- _SUPPLIED RECORDS_:
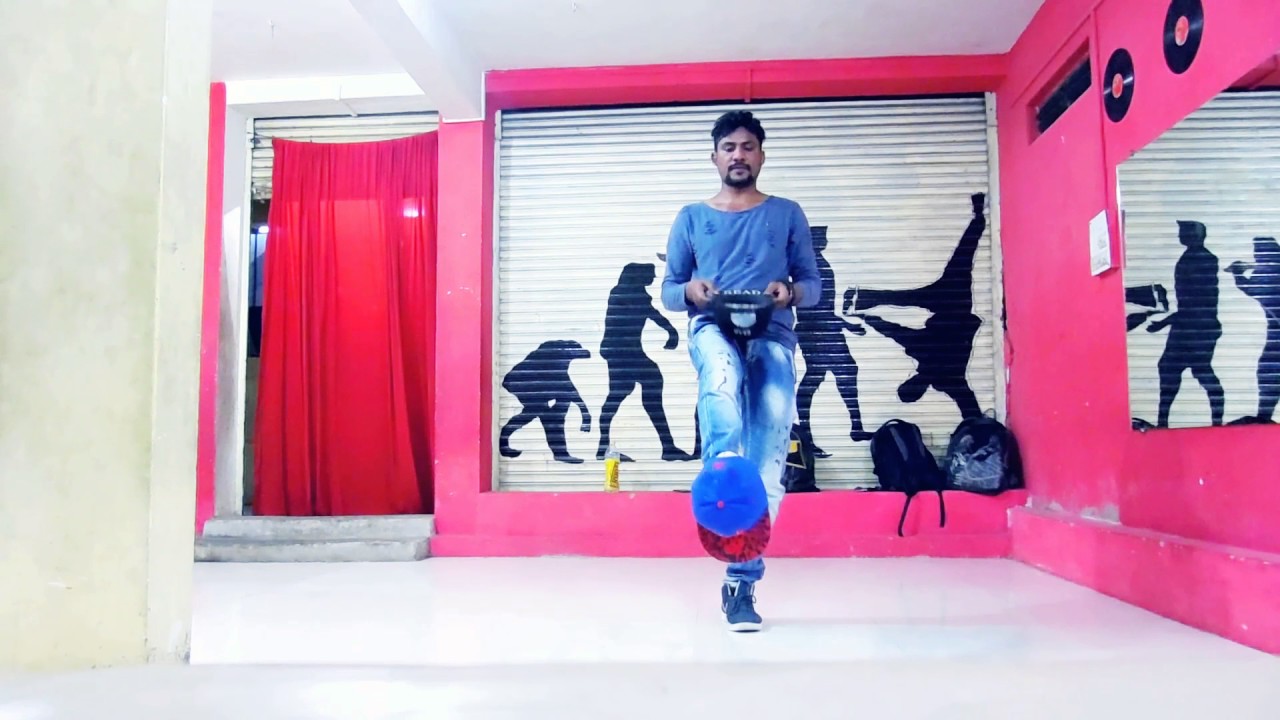 Awesome New Style Cap trick Amol Gotekar PRS Dance Academy Nagpur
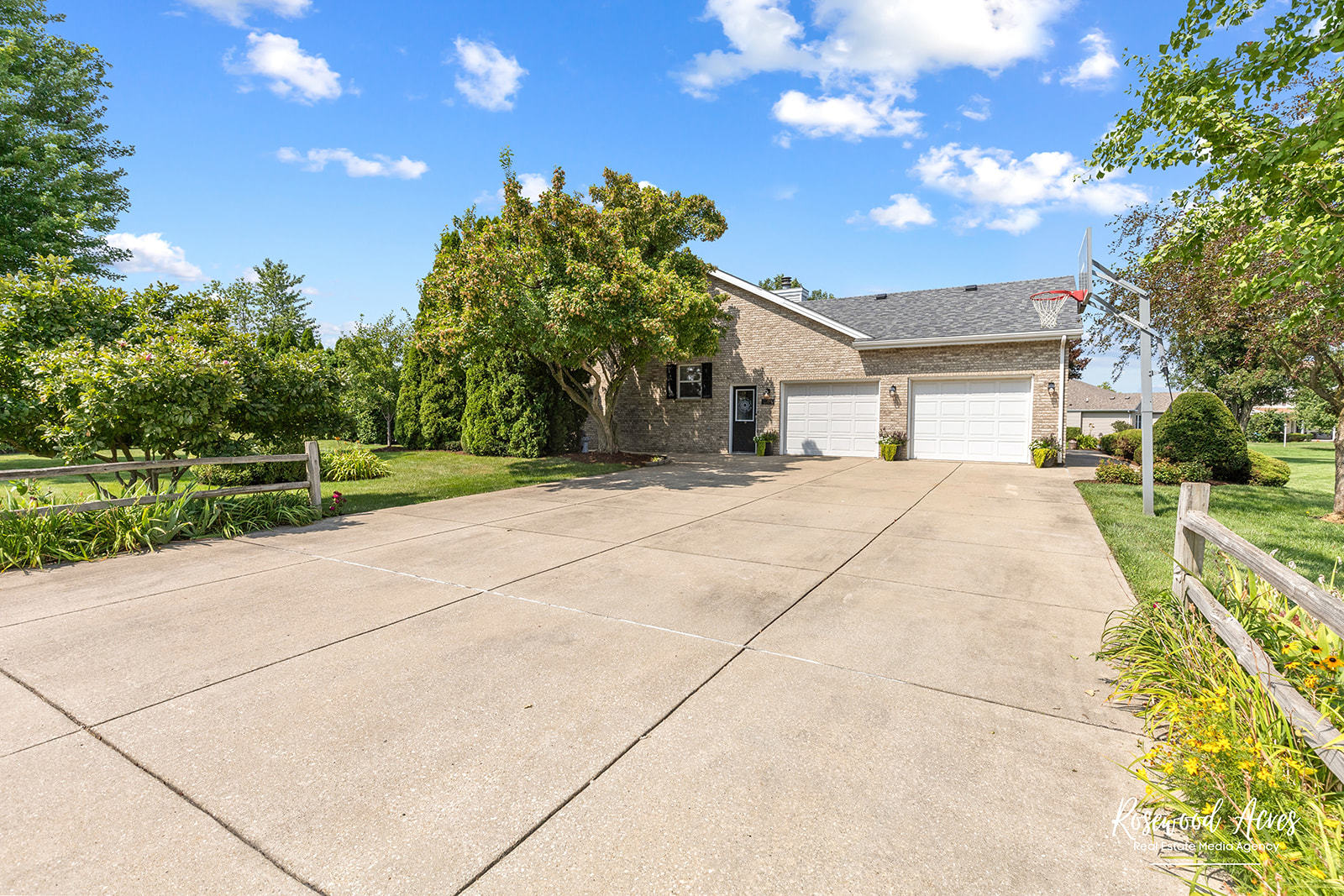 2650 Mooregate Turn Kankakee, IL 60901 - Photo 46 of 51 a pathway of a house with a yard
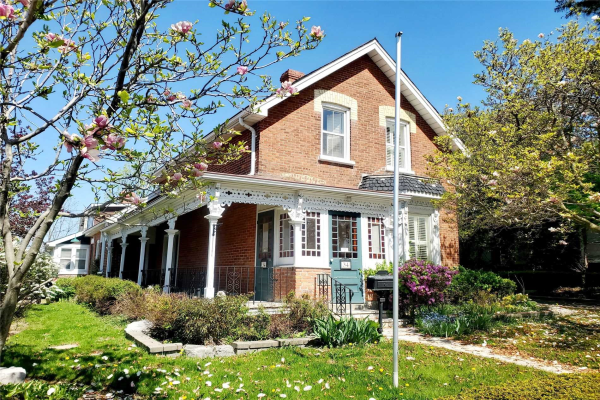 34 Thomas St, Mississauga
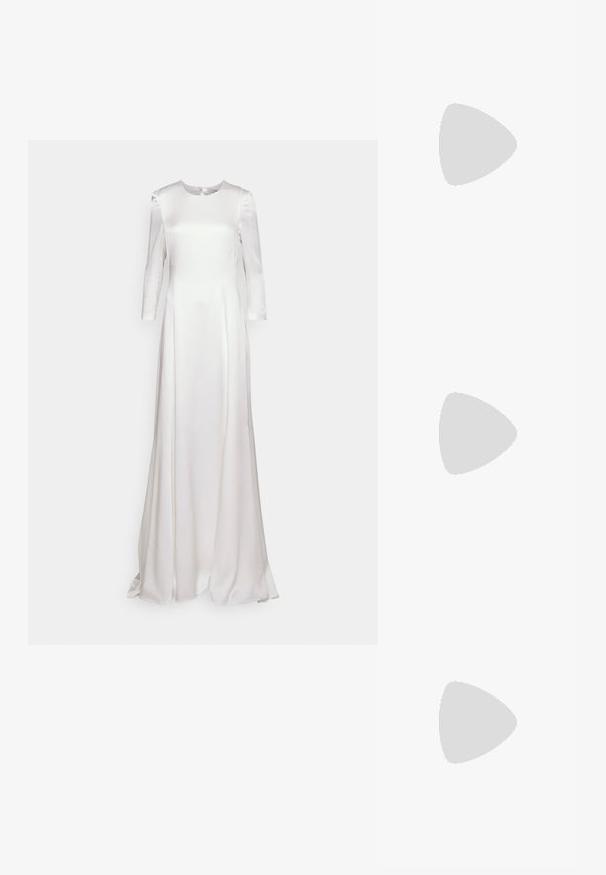 Vestido longo de cetim branco, com mangas longas, decote redondo e forma A fluida. Textura suave com um ligeiro brilho e sem quaisquer adornos visíveis.; Botim de tornozelo em pele sintética preta com bico apontado e salto bloco de altura média. Textura suave e design minimalista.; Bolsa preta com forma estruturada, textura suave e um fecho metálico. Combinada com calças largas pretas e sandálias de salto aberto sobre um chão de madeira.; Conjunto de cinco brincos de ouro, com designs variados: superfícies torcidas, estriadas e lisas em formas de argola e crescente.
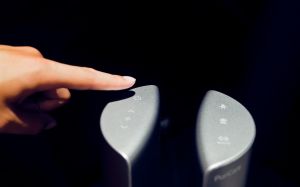 ▲LG PuriCare™ AeroTower™風革機搭配智慧變頻馬達，有著高效、穩定、省電、靜音等特色，簡單打造安靜舒適的睡眠環境。（圖／NOWnews攝）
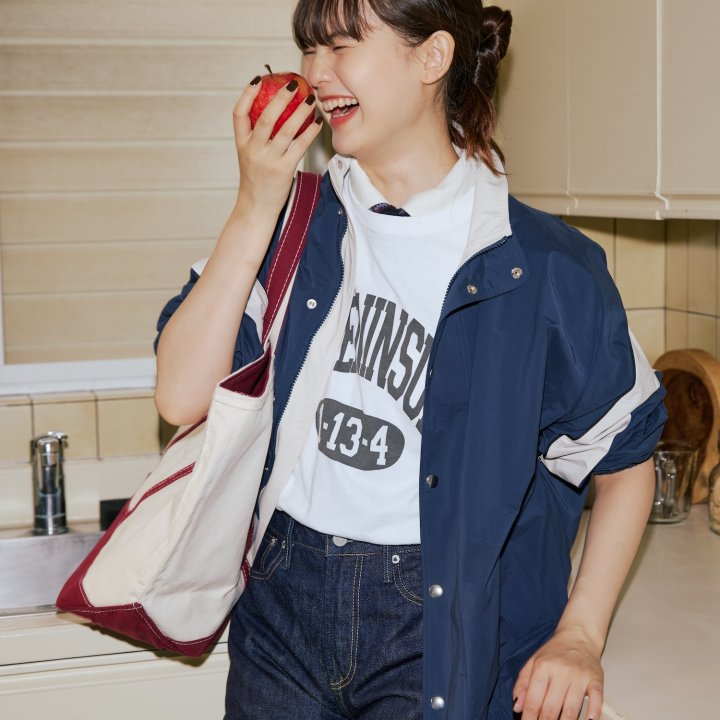 学生気分で着こなしたい! カレッジムードを効かせたワイドデニムスタイル【FUDGE 10月号連動企画 – 濃紺デニムがあれば。| DAY14 】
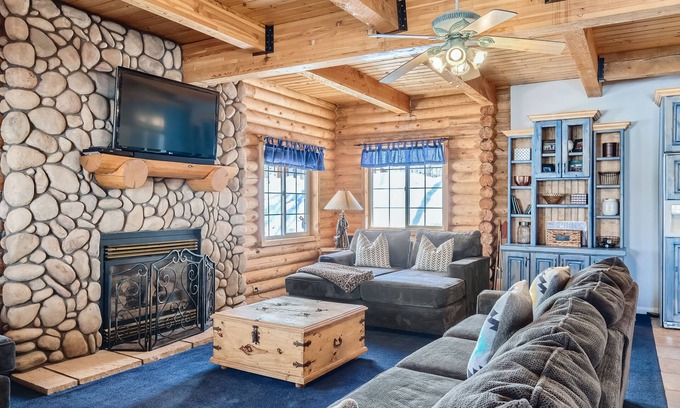 Timber Lakes House | Mountain Retreat | Fast Internet | Full Kitchen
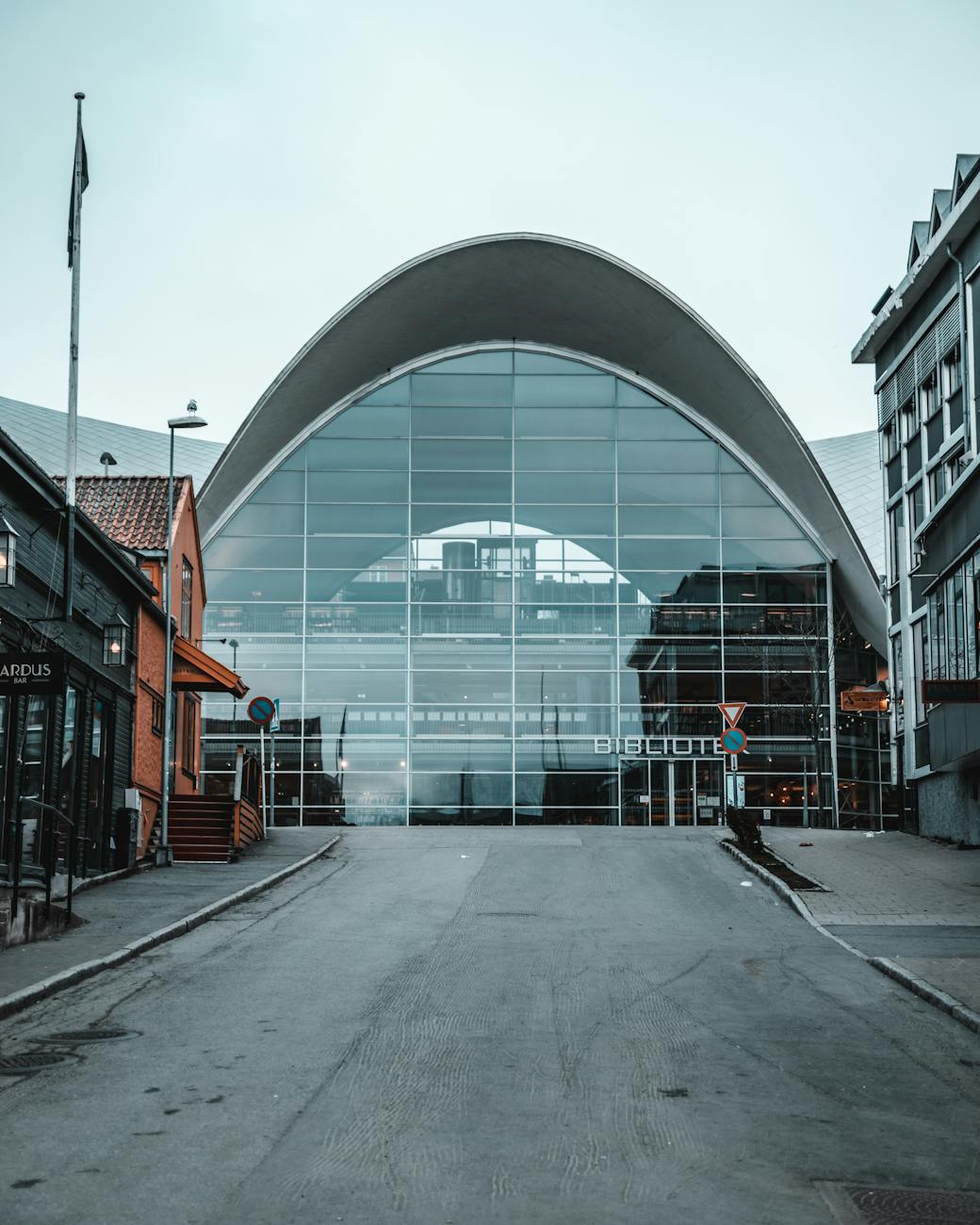 Modern Norwegian library facade for Stavanger conference venue planning.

- _WHAT IS REQUIRED_: Write out, word for word, the stretch of entries that begins at the line with "2650 Mooregate Turn" and ends at the line with "34 Thomas St, Mississauga". Pictures do not belong in it.

- _REPLY TO THE EXERCISE_:
 2650 Mooregate Turn Kankakee, IL 60901 - Photo 46 of 51 a pathway of a house with a yard
 34 Thomas St, Mississauga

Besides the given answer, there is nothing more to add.